1. Technical Field
The invention relates to circuit fabrication. In particular, the invention relates to enhancing adhesion between a polymer-based etch mask and a substrate using an organosilane.
2. Description of Related Art
For much of the history of modern electronics, optical lithography has been the principal means of patterning substrates in the fabrication of printed circuits, semiconductors, and related structures. In optical lithography, a photoresist is deposited onto a surface of a substrate being patterned. A source of radiation (e.g., ultraviolet light, electron beam, etc.) is then employed to differentially expose the photoresist and impart a pattern thereto. For example, the photoresist may be exposed to ultraviolet light projected through a photomask such that a pattern of the photomask is transferred to the photoresist. The photoresist bearing the transferred pattern forms a pattern mask that protects specific portions of the substrate that are covered by the pattern mask. Various techniques such as pattern etching and pattern lift-off are then employed to transfer the pattern of the photoresist pattern mask to a surface of the substrate.
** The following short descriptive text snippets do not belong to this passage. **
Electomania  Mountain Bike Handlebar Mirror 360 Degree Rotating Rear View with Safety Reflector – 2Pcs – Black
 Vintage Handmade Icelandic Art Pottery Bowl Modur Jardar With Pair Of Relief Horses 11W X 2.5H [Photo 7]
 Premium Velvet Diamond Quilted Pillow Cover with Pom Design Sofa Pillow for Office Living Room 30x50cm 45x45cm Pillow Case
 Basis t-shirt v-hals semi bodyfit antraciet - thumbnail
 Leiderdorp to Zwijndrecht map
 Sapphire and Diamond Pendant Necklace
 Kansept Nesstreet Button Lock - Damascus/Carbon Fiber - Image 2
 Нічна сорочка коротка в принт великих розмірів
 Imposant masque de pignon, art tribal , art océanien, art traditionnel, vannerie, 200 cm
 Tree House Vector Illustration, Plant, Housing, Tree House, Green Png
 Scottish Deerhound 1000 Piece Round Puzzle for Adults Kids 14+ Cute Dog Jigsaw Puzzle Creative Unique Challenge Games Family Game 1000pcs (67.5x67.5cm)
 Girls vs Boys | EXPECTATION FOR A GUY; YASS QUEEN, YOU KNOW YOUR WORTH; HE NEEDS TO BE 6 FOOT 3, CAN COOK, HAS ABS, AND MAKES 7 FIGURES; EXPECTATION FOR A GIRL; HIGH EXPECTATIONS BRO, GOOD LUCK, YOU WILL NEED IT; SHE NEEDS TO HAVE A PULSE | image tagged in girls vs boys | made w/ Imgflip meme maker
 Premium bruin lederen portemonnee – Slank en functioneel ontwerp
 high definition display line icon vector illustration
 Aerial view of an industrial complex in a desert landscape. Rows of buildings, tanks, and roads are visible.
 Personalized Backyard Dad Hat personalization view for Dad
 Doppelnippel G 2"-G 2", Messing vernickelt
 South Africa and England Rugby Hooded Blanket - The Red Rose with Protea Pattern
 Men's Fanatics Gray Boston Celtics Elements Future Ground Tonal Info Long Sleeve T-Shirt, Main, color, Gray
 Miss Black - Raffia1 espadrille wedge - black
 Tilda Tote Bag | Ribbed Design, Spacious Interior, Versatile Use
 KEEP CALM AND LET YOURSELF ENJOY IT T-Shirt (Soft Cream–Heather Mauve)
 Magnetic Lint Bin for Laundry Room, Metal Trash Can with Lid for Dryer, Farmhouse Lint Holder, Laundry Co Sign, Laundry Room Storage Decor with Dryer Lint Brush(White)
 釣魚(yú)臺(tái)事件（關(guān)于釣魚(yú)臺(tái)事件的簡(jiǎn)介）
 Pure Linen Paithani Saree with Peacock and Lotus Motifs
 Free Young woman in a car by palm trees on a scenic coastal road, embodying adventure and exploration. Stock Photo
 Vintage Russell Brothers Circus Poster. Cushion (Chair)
Relatively recently, other methods of creating a pattern mask for substrate patterning have been proposed and, in some cases, have begun to gain acceptance as viable alternatives to photolithography. Among these techniques are imprint lithography and digital resist printing. In imprint lithography, a pattern mold is employed to mechanically imprint a pattern into a relatively soft resist material on a surface of the substrate. The imprinted soft resist material is then employed as a mask in a manner similar to the photoresist pattern mask.
In digital resist printing, a pattern mask is printed directly onto the substrate using a digital printer or equivalent. For example, an inkjet printer may be employed to print a liquid resist onto a substrate in a manner similar to that used to print an image onto a piece of paper. The inkjet printer essentially applies the liquid resist as a series of directed droplets that combine to form the pattern mask. In another example, a laser printer is employed to directly print the pattern mask onto the substrate. The laser printer employs a dry toner comprising a fine powder that is electrostatically guided and imaged onto the substrate under digital control of the printer. After being imaged, particles of the dry toner are fused together on the substrate to form the pattern mask. Either of the inkjet printer-applied liquid resist or the laser printer-applied dry toner produces a pattern mask that may be employed in a manner similar to the photoresist pattern mask to pattern the substrate.
Advantageously, digital resist printing does not depend on the creation and use of either a photomask or a mold. As such, the mask pattern can be readily changed or adjusted during substrate patterning. However, inkjet-based resist printing is relatively slow. Thus, inkjet-based resist printing may be of limited use, especially for high speed and/or high volume printed circuit production (e.g., roll-to-roll processing). The use of laser printers for direct printing of a dry toner-based pattern mask can support high speed, high volume production. However, the dry toner employed by laser printers severely limits an ultimate resolution of the pattern and further suffers from problems of line edge fidelity and unwanted background printing caused by powder dispersion during printing.